Below are some records. Reproduce them exactly from their first line through the line with "2003 BMW X5", inclusive.

════════

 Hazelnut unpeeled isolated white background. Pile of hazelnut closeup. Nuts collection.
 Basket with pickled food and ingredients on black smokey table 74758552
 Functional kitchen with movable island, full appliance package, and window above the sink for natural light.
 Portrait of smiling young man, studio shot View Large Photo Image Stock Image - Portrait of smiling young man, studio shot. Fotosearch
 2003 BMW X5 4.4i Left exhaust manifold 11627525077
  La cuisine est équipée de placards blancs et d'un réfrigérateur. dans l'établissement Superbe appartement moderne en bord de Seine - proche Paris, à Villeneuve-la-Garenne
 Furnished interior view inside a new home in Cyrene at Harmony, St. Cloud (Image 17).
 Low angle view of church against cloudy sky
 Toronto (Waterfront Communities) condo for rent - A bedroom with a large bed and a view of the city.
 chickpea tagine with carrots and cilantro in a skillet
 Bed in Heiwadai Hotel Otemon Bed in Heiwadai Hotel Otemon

════════

RESULT OF THE EXERCISE:
 Hazelnut unpeeled isolated white background. Pile of hazelnut closeup. Nuts collection.
 Basket with pickled food and ingredients on black smokey table 74758552
 Functional kitchen with movable island, full appliance package, and window above the sink for natural light.
 Portrait of smiling young man, studio shot View Large Photo Image Stock Image - Portrait of smiling young man, studio shot. Fotosearch
 2003 BMW X5 4.4i Left exhaust manifold 11627525077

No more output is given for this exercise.